Strange things have been afoot at Cryptic, and they bode somewhat ill.
For a time, Atari.com displayed a new offer. Star Trek Online’s price was dropped by 10 dollars, and it came with an additional 60 days of playtime, adding to the 30 days you’d normally get, for a full quarter of a year of playtime.
It was an excellent idea, in my opinion. 90 days would give Cryptic long enough to prove that they intend to do great things with STO. It would have let folks like myself pop in from time to time to see if things had improved. Unfortunately, this great deal was only for people who had not bought the game yet. As many pointed out, it punished anyone who pre-ordered, or bought the game at launch.
You don’t do that. You don’t punish loyalty. Certainly not if you want that loyalty to continue.
After the storm of annoyed players hit, Cryptic quickly realised their mistake, and the deal was pulled from Atari.com. Apparently anyone who signed up for the awesome new deal will now not be receiving the additional 60 days they were promised.
You don’t do that either. You don’t unilaterally change the conditions of a contract after it is signed.

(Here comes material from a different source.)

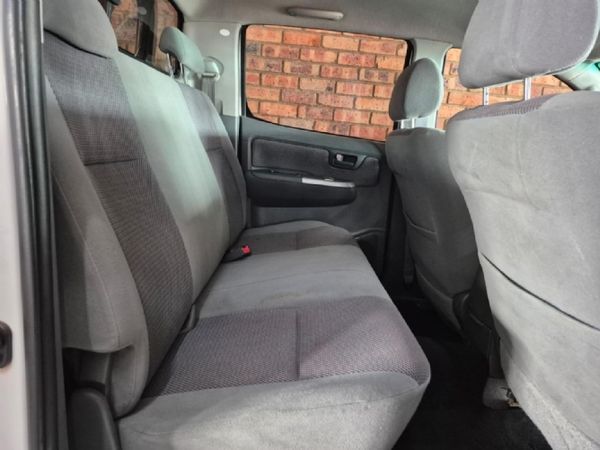 2012-Toyota-Hilux-30-D-4D-Raider-Raised-Body-Double-Cab image:16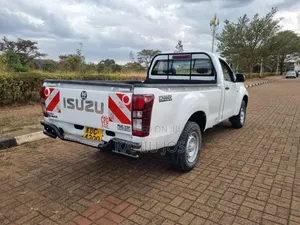 Isuzu D-MAX 2021 White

There is only one honourable way to deal with this problem. 60 days should be given to every account, whether it signed up under the short-lived new deal, or one of the older deals. That is the only way you don’t either breach a contract, or anger your existing players. Aye, it’d be an expensive proposition, but they should have thought about that before offering it to new players.
It is clear that such a deal would not be put on the table unless Cryptic, or Atari, were seeing poor retention. A month ago, they were charging 300 dollars (on top of box price) for a lifetime membership. Now they’re willing to throw in 90 days with the box. The number of people, myself included, who have decided not to subscribe is obviously sending ripples of panic through the accounts department. When you throw your own game into the bargain bin within the first month, it is an admission that all is not proceeding according to plan.

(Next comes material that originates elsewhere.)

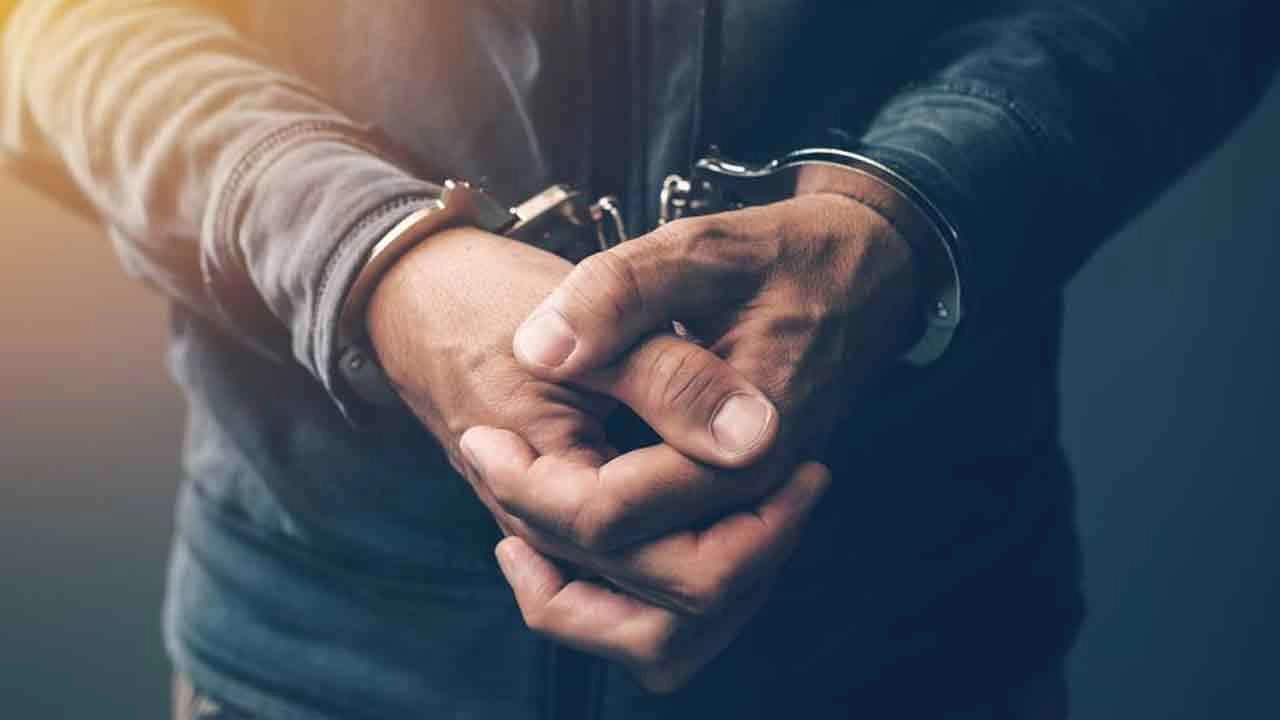 முன்னாள் பிரதேச சபை உறுப்பினர் பியல் மனம்பேரி கைது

Was the new deal the work of Cryptic, or their publisher, Atari?
Later, this pseudo-apology was posted on the Star Trek Online forums:
First, we respect the time, energy and passion the community has put into their opinions regarding the promotion that ran this weekend on Atari.com, offering 60-days of free play.

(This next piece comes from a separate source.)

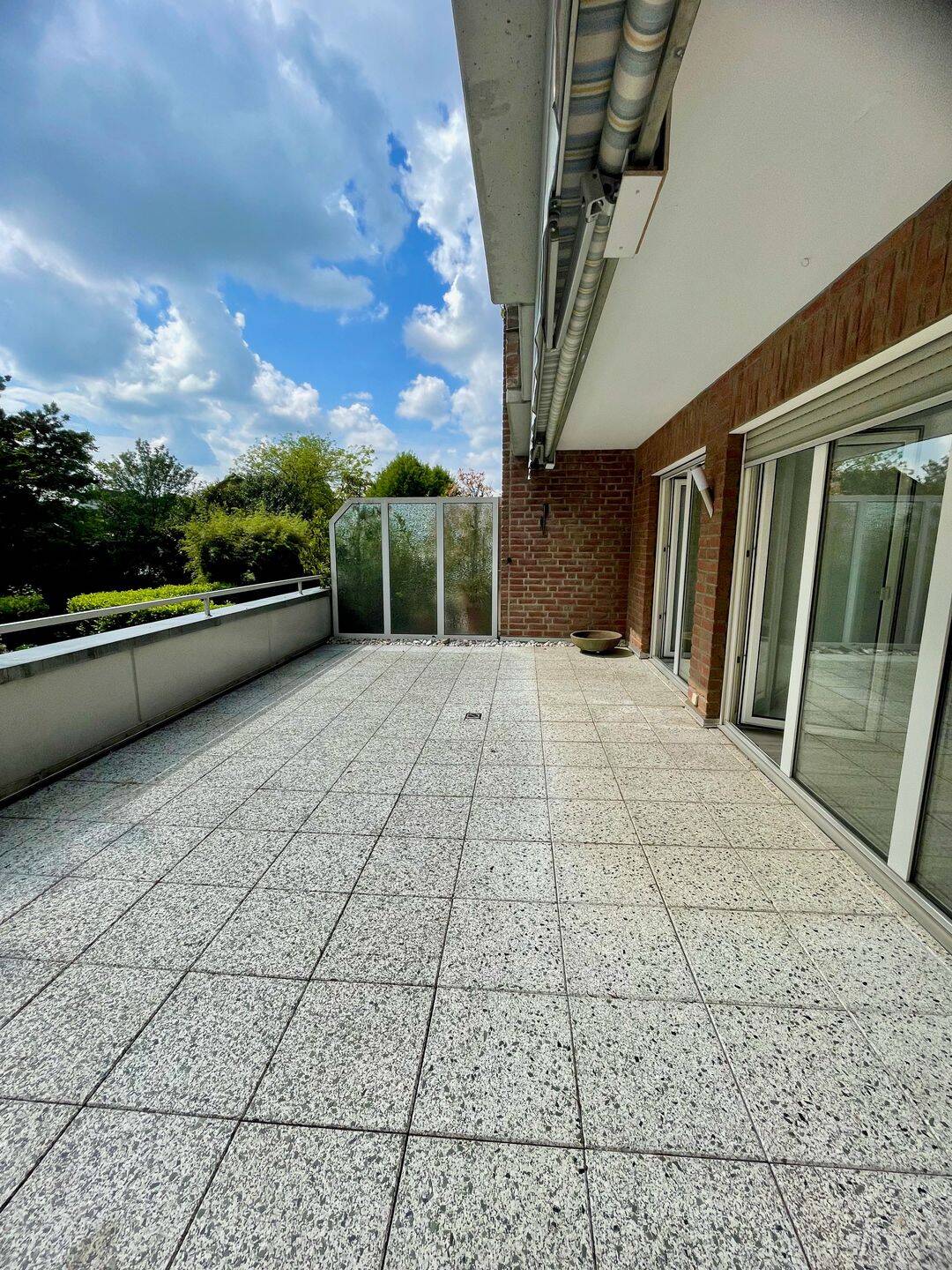„Ihr persönlicher Rückzugsort mit Terrasse – Ruhig, zentral und mit viel Charme!“, 41063 Mönchengladbach (Eicken Großheide Stadtmitte Windberg)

Like many companies, we are actively trying to sell games we are very proud of in an extremely competitive marketplace and we are always testing new ways to get more people using our products. The weekend promotion at Atari.com was one of those experiments. In the case of a game like Star Trek, we believe a larger number of players is a benefit to the entire community.
We will continue to look at the best ways to add new users to our game in a competitive marketplace while keeping our current players happy. Your feedback – good, bad and ugly – is extremely helpful and appreciated.
We won’t always get it right, but we’re always trying to do the right thing by you.
We do apologize and we appreciate your patience as we continue to do our best to make Star Trek Online the best game possible.